The insurer’s objection to Special Issue One was, in part, that it was a comment on the weight of the evidence, causing the jury to believe the court found the damages alleged in the interior and exterior of the house were the result of an occurrence of August 6, 1980, when the evidence was very much in dispute as to when such damage actually occurred. Among other objections to Special Issue One, the insurer complained there should be a finding that plaintiff sustained damages subsequent to the effective date of the policy, or coverage liability would not be shown.

The objection to the attorneys’ fees special issue was that there was no evidence or finding as to how much would be a reasonable fee for recovery of damages by the Blocks against CSI which would be covered by the policy.

The objections to the special issues went to the period of coverage by the policy. A review of the statement of facts indicates this was without question a seriously contested issue. The burden of proof was on the plaintiffs to show the loss occurred and their claim fell within the coverage period, and a special issue upon which the jury could base its finding should have been submitted. This was not an affirmative defense to be pleaded and disproved by the insurer. The insured’s general denial put the burden on plaintiffs to prove coverage.

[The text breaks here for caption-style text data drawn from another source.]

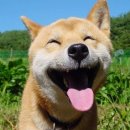 미소풀하우스 이미지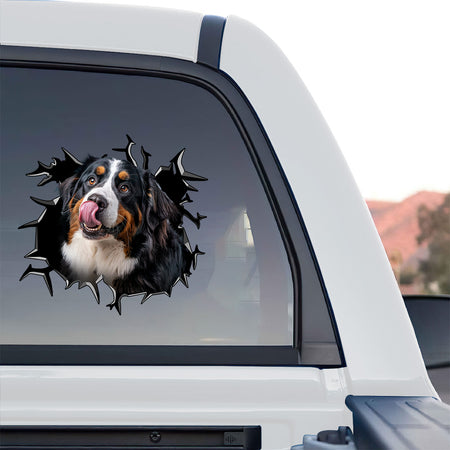 Humorous Bernese Mountain Dog vinyl sticker applied to the clean lid of a ceramic toilet.
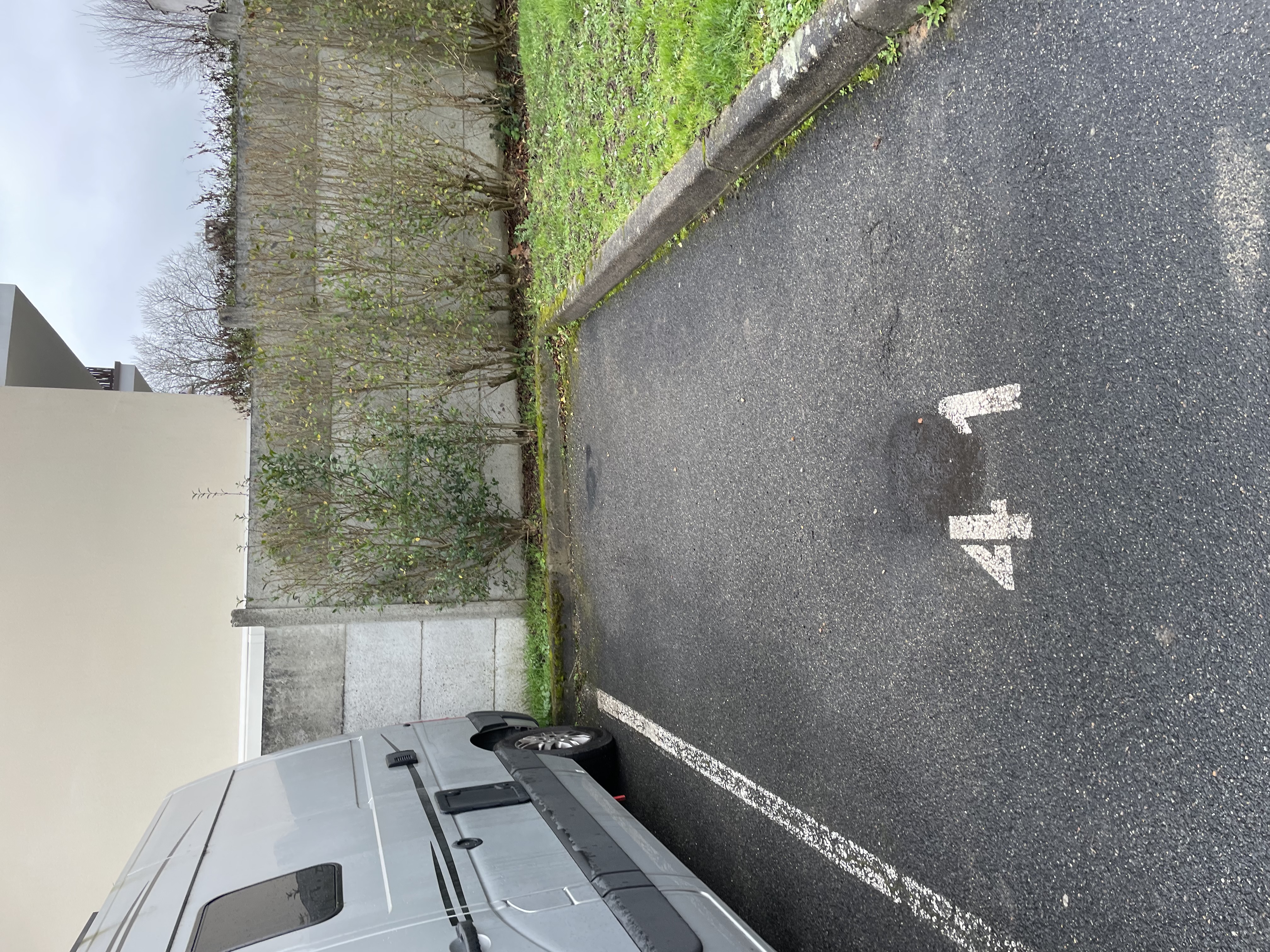 Service voiturier exterieur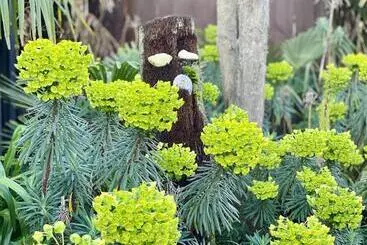 מוטל Pacific Harbour Villas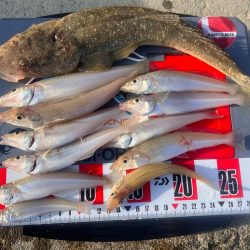 炎天下のサーフ責め！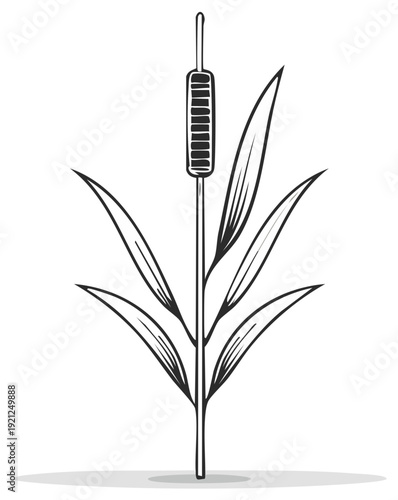 Illustrative Drawing of a Single Cattail Plant with Broad Leaves and Seed Head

The objections to the special issues properly preserved the insurer’s points to form the basis for its motion for judgment n.o.v. TEX.R.CIV.P. 301.

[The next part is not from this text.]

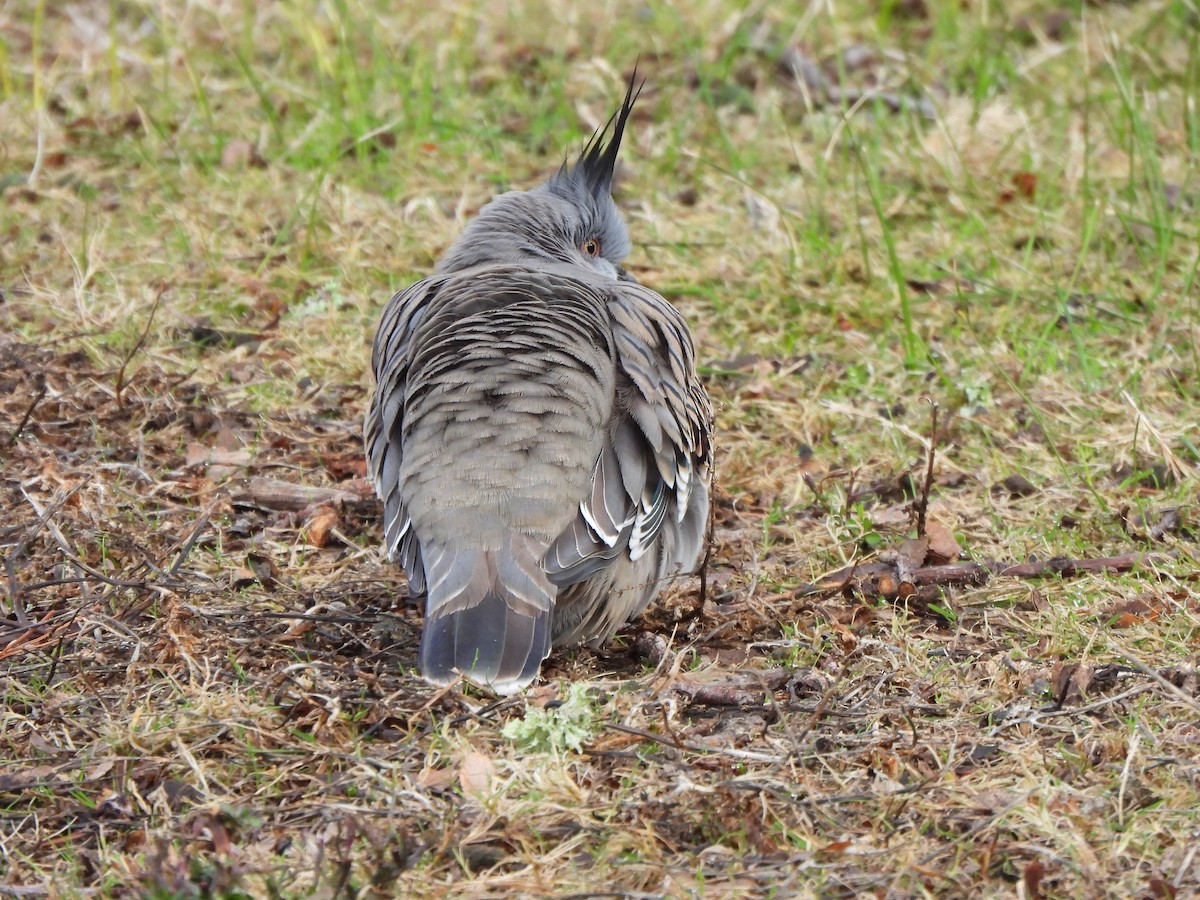 Crested Pigeon - ML621093835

The trial court correctly denied the Block’s motion for directed verdict. I would hold it correctly granted the insurer’s motion for judgment n.o.v. The prior judgment agreed to by CSI and the Blocks was introduced in evidence by the Blocks, and testimony regarding the roof, alleged damages to the interior and exterior of the house, and attorney’s fees, all subjects of the first judgment, was introduced by both parties. There is no case with similar facts cited by the majority to show how the present insurer’s position constitutes a collateral attack on a judgment. It is clear this is not a collateral attack on a judgment. Further, the doctrines of res judica-ta or collateral estoppel do not apply in this case.

The majority says the trial court should have granted the directed verdict because all elements of the cause of action were established as a matter of law, either through evidence presented at trial, or as determined in the agreed judgment. The actual motion, for directed verdict did not allege this but was based on what the Blocks mistakenly perceived to be the burdens of proof of the insurer: The insurer presented no evidence that the agreed judgment was procured by fraud; or that the amount of the judgment was unreasonable; or that the insurer had not wrongfully refused to defend. [The trial court ruled that the insurer had wrongfully refused to defend.]

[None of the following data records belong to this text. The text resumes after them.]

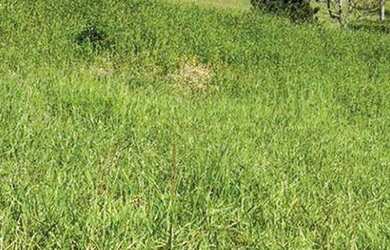 Imagem 1: Terreno à venda, 960 m² por R$ 764.000 - Pedra Branca - Palhoça/SC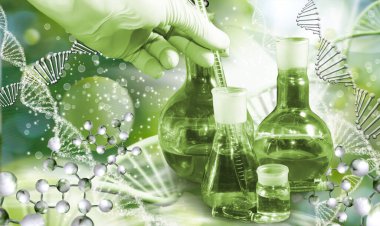 Bir laboratuvar asistanının elinde mataraya batırılmış bir ölçüm tüpü ve diğer mataralarla stilize edilmiş DNA zincirlerinin arka planında çekilmiş bir resim. Biyoteknoloji ve genetik araştırma.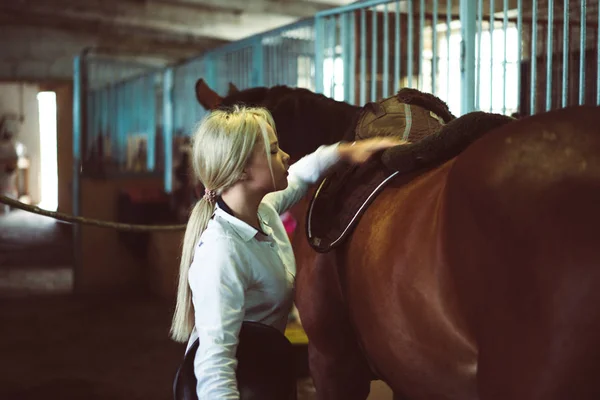 Chica cuidando de caballo — Foto de Stock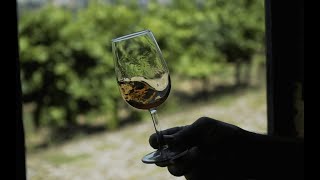 Quinta do Mourão - Port Wine Tasting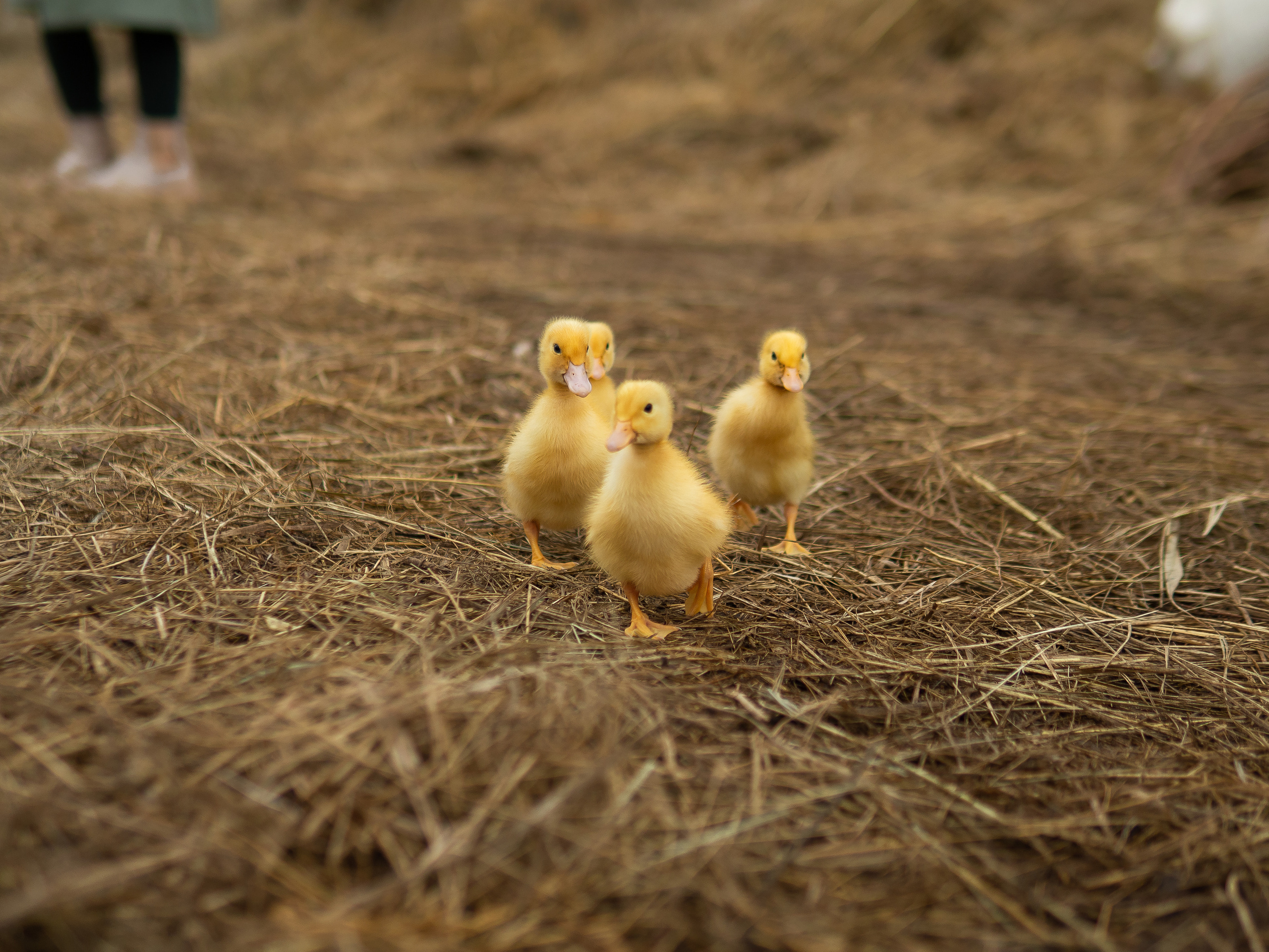 Детские съемки. Универсальный фотограф и видеограф в Самаре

In this, the second suit, the Blocks had the burden to prove that the damages to the interior and exterior of the house, for which CSI agreed it was liable, occurred during the period of coverage for which the insured was liable to CSI. The insured *182strongly disputed coverage liability. This was an element upon which a finding should have been made. The plaintiff failed to establish this element.

The motion for directed verdict was premised on the belief that the agreed judgment precluded the insured from contesting liability, thereby forbidding denial of policy coverage of the damages before August 1, 1980 and after August 1, 1981. No jury issues establishing coverage were submitted. The reason the trial court could not enter a judgment for the Blocks, who made a motion for judgment on the verdict, was that the jury verdict would not support that judgment. While the court may have granted a new trial under these circumstances, it chose not to do so. Therefore, this court is in no better position to grant the motion for instructed verdict and render judgment.

I would affirm the judgment of the trial court. I respectfully dissent.